- Tuesday, December 20, 2022

Editor’s note: This is one in a series examining the Constitution and Federalist Papers in today’s America.

 

The right to keep and bear arms has a prestigious and gloried history. Titans of constitutional law such as St. George Tucker and Joseph Story referred to this protection as the “true palladium of liberty” — the bulwark that preserves all other inalienable rights.

They, like the Founders, understood that the Second Amendment’s purpose was to ensure that the people were armed and always capable of defending their natural rights, whether against an invading army, a tyrannical government or criminal actors.

Two centuries later, far too many inheritors of this precious safeguard have relegated it to second-class status, mischaracterizing its purpose as protecting hunting rights instead of human rights and deriding it as a dangerous relic with no place in modern society.

The first part of this critique is undoubtedly true. The world has changed dramatically over the last two centuries. Unfortunately, human nature has not.

The same three primary threats to our rights — tyrannical governments, foreign invasions and criminal actors — exist today just as they existed in 1791, when the Second Amendment was ratified. Arguably, these threats are even more pronounced today, given the ways in which modern technology has enhanced the capacity of those who are not always animated by charity to wreak havoc on the rights of others.

History, especially recent history, is replete with examples of murderous regimes rising to power to the detriment of individuals and their liberties. Despite the much-touted “triumph of liberalism” and democracy in the West, the 20th century was the bloodiest century. It did not rid the world of authoritarianism or government-sponsored human rights violations.

Quite the contrary. According to one recent analysis, in the 20th century, authoritarians oversaw the murder of more than 200 million noncombatants, many of them their own citizens, many of them effectively disarmed through the imposition of restrictive gun control regulations.

Meanwhile, “foreign invasion” doesn’t rank nearly as high today on many American threat radars as it did during the founding era, or even during the Cold War era.

Nonetheless, we know that our current relative peace of mind regarding our national security is a historical anomaly. We also know that serious global conflict can quickly shatter assumptions about the permanence of international tranquility. Ask the Ukrainians.

It also turns out that we still haven’t solved the problem of crime or ushered ourselves into a utopia. Over the decades, crime rates have spiked, and plummeted, and spiked again, often for reasons we still don’t fully understand. The United States is still reeling from the single largest one-year increase in homicides in the nation’s history, which took place way back in 2020.
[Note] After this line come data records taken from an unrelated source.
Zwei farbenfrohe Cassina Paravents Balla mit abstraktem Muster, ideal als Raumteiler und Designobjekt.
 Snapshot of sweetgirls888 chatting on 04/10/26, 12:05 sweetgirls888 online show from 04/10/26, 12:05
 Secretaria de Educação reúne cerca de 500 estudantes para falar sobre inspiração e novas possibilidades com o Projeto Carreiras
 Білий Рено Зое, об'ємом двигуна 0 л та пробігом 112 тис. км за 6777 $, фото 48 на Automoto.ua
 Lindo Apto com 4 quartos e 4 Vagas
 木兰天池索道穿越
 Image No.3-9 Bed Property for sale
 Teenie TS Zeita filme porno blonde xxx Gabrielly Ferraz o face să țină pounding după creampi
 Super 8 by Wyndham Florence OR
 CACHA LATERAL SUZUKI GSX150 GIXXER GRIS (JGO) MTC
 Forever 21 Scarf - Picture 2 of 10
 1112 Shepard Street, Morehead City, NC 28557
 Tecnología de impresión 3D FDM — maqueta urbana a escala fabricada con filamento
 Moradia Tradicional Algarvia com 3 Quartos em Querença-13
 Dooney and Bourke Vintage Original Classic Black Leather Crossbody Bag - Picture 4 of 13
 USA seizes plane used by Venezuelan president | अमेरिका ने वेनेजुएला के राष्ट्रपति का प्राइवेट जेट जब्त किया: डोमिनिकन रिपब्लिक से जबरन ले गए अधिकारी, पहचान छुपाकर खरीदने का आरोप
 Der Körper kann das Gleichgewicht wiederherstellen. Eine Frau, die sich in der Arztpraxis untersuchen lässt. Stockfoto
For all of the advances of modern sociology and professional policing, the reality is that the government cannot always be on hand to protect its citizens from crime at all times. Nor does anyone want to live in a police state capable of immediately intervening in every human interaction.

While some gun control advocates such as New York Gov. Kathy Hochul like to claim that “the myth of the good guy with a gun is over,” the data tells a very different story about the continued importance of the right to keep and bear arms in the lives of ordinary Americans. 

A 2013 report by the Centers for Disease Control and Prevention concluded that almost every study on the issue has found that Americans use their guns defensively between 500,000 and 3 million times a year. Just last year, the most comprehensive survey of gun owners ever conducted reaffirmed the 2013 report, finding an average of 1.6 million annual defensive gun uses annually.

Unfortunately, instead of looking at the dangerous impact that their own liberal policies have on crime, many liberals today join forces with advocates of gun control to insist that this fundamental right of the people is the problem instead of part of the solution. By doing so, they weaken the practical ability of any person or community to forcibly resist assaults on their life, liberty and property.

More than 200 years after its ratification, the Second Amendment remains liberty’s most essential safeguard, and it will remain as such until when, freed from the threats of tyranny, war and crime, all of humanity may “beat their swords into plowshares, and their spears into pruning hooks.”

Editor’s note: This is one in a series examining the Constitution and Federalist Papers in today’s America.

• Amy Swearer at a legal fellow in The Heritage Foundation’s Meese Center for Legal and Judicial Studies.